# Roadbed/Subroadbed



## pallen182 (Mar 28, 2018)

Hello all,

First time posting on here. Looking for suggestions on what type of roadbed and/or sub-roadbed to use on my HO scale layout. Plywood, foam, cork? I hear foam can be noisy but it's super flexible for rivers/lakes etc. Any suggestions would be greatly appreciated

Thanks,
Pat


----------



## CTValleyRR (Jul 26, 2014)

pallen182 said:


> Hello all,
> 
> First time posting on here. Looking for suggestions on what type of roadbed and/or sub-roadbed to use on my HO scale layout. Plywood, foam, cork? I hear foam can be noisy but it's super flexible for rivers/lakes etc. Any suggestions would be greatly appreciated
> 
> ...


Basically, if you can buy it, and you can afford it, then it's good.
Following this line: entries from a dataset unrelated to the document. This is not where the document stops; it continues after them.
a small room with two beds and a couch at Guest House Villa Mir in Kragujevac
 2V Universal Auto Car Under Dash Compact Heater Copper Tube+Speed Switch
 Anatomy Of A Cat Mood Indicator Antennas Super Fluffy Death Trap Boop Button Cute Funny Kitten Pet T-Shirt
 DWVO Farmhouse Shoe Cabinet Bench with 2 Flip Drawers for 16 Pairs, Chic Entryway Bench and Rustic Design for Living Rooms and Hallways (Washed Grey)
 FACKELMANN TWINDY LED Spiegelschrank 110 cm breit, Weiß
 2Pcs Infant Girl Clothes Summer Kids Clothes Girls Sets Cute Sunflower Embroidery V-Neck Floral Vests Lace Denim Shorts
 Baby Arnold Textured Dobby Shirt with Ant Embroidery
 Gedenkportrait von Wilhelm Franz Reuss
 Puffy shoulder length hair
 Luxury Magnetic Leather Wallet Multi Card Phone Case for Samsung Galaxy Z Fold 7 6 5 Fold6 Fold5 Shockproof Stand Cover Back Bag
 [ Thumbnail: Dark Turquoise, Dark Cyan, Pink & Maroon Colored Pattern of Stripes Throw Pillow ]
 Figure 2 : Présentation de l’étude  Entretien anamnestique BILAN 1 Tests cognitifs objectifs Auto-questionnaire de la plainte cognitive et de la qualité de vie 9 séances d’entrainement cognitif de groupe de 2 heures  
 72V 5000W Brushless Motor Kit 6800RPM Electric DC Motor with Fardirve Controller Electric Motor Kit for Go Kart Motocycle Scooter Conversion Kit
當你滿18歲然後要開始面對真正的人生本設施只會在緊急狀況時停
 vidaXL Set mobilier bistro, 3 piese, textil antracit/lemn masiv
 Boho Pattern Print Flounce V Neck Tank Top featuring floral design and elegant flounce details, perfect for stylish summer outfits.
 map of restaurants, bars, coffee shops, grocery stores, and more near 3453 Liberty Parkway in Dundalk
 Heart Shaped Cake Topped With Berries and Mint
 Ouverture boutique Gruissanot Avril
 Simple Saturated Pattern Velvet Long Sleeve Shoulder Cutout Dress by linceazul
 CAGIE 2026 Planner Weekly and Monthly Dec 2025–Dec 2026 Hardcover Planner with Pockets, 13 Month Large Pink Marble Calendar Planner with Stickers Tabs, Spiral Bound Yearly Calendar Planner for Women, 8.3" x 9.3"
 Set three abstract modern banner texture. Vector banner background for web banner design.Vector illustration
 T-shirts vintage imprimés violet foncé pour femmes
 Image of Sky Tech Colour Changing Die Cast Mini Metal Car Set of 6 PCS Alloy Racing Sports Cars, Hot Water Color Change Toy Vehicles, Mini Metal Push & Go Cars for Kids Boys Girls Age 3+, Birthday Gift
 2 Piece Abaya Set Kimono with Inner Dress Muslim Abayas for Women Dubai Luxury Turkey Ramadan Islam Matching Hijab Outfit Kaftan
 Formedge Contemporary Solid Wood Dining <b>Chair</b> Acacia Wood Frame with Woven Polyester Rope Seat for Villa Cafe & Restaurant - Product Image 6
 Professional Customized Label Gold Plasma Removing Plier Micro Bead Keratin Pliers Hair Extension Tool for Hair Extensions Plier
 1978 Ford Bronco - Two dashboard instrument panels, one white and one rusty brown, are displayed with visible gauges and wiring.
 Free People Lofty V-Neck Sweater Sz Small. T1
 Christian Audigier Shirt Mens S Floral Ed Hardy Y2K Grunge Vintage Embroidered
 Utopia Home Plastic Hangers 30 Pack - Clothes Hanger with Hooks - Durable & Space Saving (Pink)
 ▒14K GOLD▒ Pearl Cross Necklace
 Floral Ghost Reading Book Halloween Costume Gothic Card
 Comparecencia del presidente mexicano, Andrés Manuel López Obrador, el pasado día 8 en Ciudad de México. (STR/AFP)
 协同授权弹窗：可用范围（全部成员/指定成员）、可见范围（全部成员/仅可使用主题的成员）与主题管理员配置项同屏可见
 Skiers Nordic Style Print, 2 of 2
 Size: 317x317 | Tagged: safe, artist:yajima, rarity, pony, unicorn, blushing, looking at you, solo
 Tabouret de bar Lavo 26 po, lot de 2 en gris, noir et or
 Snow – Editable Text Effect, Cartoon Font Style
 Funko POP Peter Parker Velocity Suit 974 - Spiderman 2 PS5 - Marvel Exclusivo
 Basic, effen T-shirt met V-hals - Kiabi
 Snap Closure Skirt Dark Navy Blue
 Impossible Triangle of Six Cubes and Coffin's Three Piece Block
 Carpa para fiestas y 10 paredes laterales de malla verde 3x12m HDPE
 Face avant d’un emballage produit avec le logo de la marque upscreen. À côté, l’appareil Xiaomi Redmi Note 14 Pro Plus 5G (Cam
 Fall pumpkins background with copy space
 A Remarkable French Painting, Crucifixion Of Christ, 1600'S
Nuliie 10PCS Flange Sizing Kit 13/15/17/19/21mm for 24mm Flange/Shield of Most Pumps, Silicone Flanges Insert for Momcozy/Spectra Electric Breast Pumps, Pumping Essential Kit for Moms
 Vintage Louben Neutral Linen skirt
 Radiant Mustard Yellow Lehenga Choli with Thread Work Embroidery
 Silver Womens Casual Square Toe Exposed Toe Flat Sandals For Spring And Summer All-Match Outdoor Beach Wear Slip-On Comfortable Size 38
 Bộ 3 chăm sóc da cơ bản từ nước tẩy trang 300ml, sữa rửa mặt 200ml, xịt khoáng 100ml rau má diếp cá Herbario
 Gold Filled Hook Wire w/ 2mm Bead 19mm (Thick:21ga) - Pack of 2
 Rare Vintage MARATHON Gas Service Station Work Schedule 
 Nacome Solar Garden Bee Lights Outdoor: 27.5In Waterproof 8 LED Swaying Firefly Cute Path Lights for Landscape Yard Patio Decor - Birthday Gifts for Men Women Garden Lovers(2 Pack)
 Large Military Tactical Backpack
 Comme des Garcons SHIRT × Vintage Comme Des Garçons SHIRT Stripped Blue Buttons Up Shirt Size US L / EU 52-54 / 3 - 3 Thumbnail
You will probably get as many suggestions as you will replies.

SUBroadbed needs to be a rigid material: plywood, extruded foam insulating panels (NOT Styrofoam or foam rubber), homasote, Masonite, what have you. Personally, I like the versatility of foam. If you're running plastic track (ties or roadbed) directly on extruded foam, yes, it can be loud, but most of us don't do that. Even then, noise is subjective. Plywood under the foam is not necessary, but many people like to use it anyway.

Either cork or foam rubber makes excellent roadbed. If you're planning to use track nails to hold things in place, cork is probably a better option, but personally I like foam rubber. I glue it down with adhesive latex caulk.


----------



## MichaelE (Mar 7, 2018)

I use and like cork. I also use nails for track.


----------



## mesenteria (Oct 29, 2015)

Once you ballast and glue the ballast, it will all be noisy.

The quietest running I have in all my layouts historically is across a bridge suspended between two abutments. Oddly, my scratch-built scale timber trestle, with each bent frame sill embedded in ground goop, was also very quiet.

I have used plywood, foam, cork, and even strips of drywall. The drywall is amazingly quiet!! The others are moderately noisy with foam being quiet and cork as well. But, to repeat myself, as soon as you pour, groom, and then glue the ballast, you'll end up with noisy rails when it dries.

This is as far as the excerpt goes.